BEGIN Recorded information
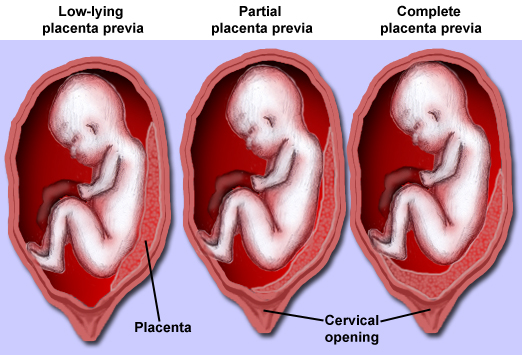 Placenta Previa | BabyMed.com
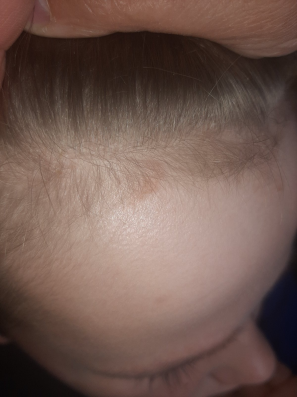 Figure 8: Clinical case 4. After.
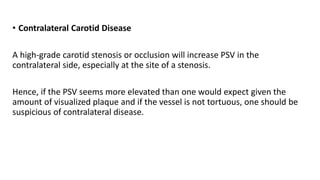 • Contralateral Carotid Disease
A high-grade carotid stenosis or occlusion will increase PSV in the
contralateral side, especially at the site of a stenosis.
Hence, if the PSV seems more elevated than one would expect given the
amount of visualized plaque and if the vessel is not tortuous, one should be
suspicious of contralateral disease.
 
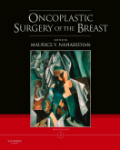 Oncoplastic surgery of the breast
END Recorded information
**Action item:** Beginning with the line that contains "Hence, if the" in the data above, please copy each line exactly until the last line, both ends included, skipping any pictures.

**Reply:**
Hence, if the PSV seems more elevated than one would expect given the
amount of visualized plaque and if the vessel is not tortuous, one should be
suspicious of contralateral disease.
 
 Oncoplastic surgery of the breast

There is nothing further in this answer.